[YOUR INSTRUCTIONS] Between the line containing "18251 Hiawatha Road, Apple" and the line containing "LEPOWER Solar LED" lies a run of lines; give that run again exactly, with both of those lines, and nothing else from the entries below.
LISTED RECORDS: Begin
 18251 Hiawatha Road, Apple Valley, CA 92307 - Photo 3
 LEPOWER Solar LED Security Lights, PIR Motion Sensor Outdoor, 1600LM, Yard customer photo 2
LISTED RECORDS: End
LISTED RECORDS: Begin
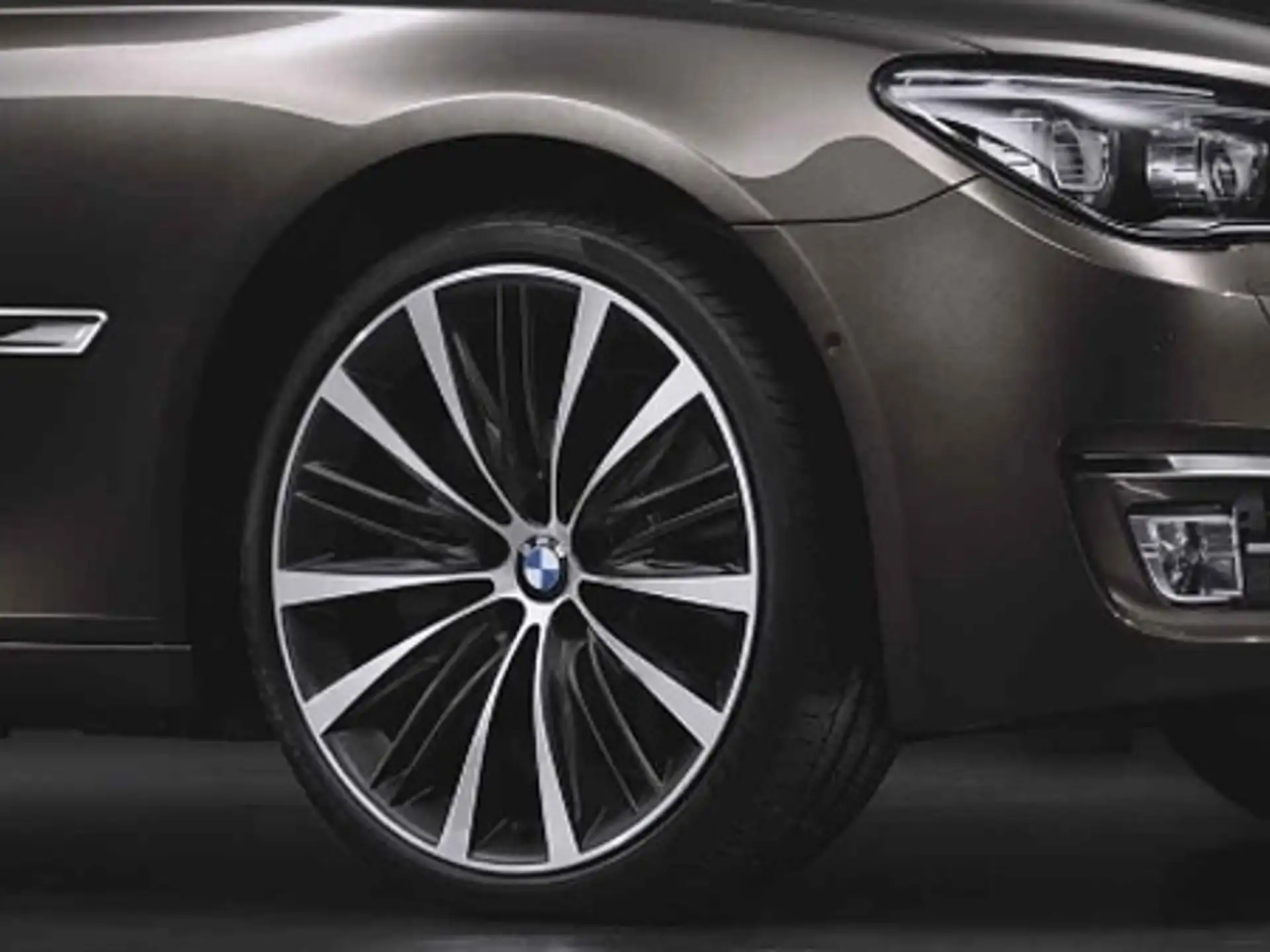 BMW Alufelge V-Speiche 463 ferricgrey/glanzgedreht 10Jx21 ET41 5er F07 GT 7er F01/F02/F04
LISTED RECORDS: End
LISTED RECORDS: Begin
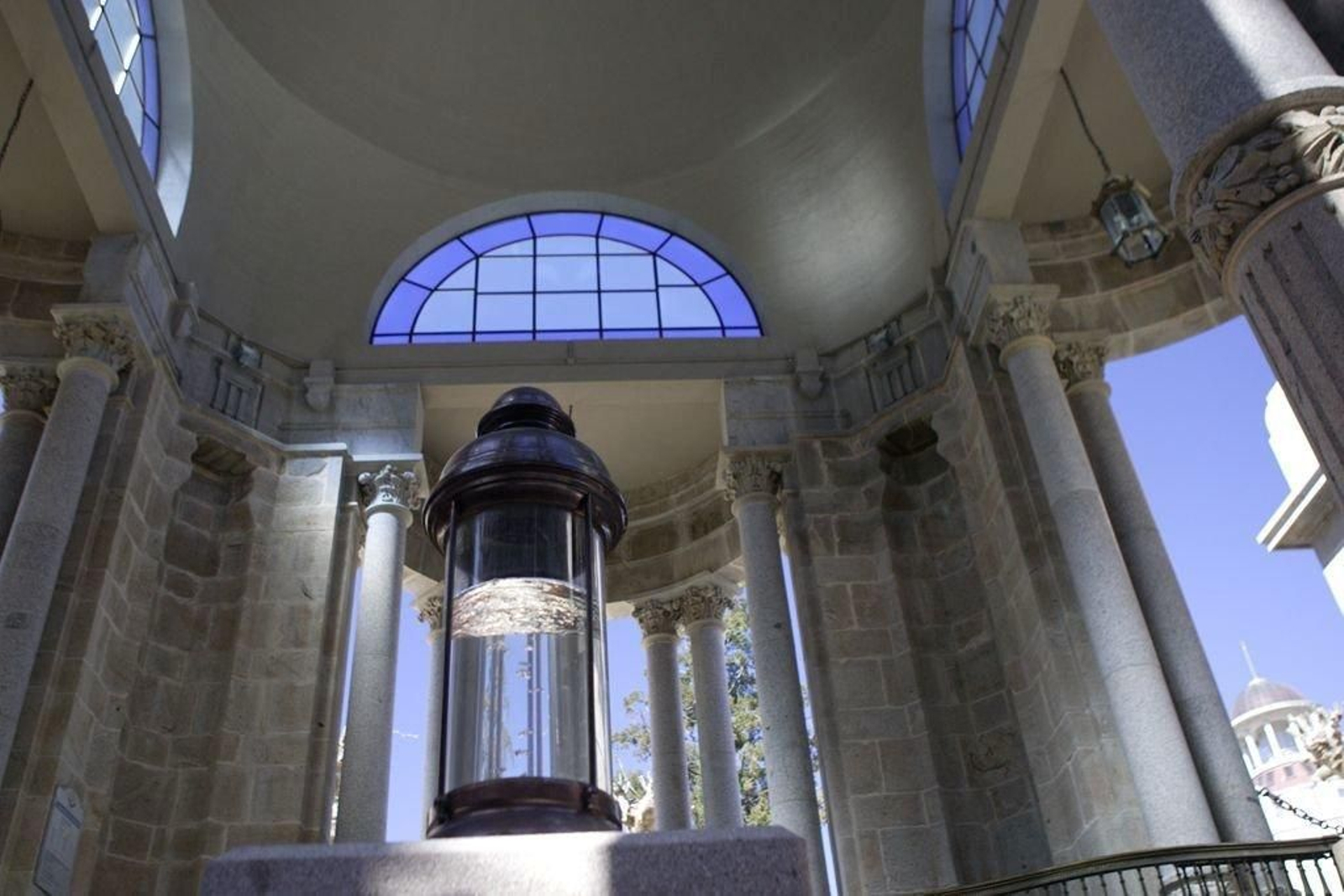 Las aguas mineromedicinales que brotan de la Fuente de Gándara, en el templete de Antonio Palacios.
LISTED RECORDS: End
[ANSWER TO THE PROBLEM]
 18251 Hiawatha Road, Apple Valley, CA 92307 - Photo 3
 LEPOWER Solar LED Security Lights, PIR Motion Sensor Outdoor, 1600LM, Yard customer photo 2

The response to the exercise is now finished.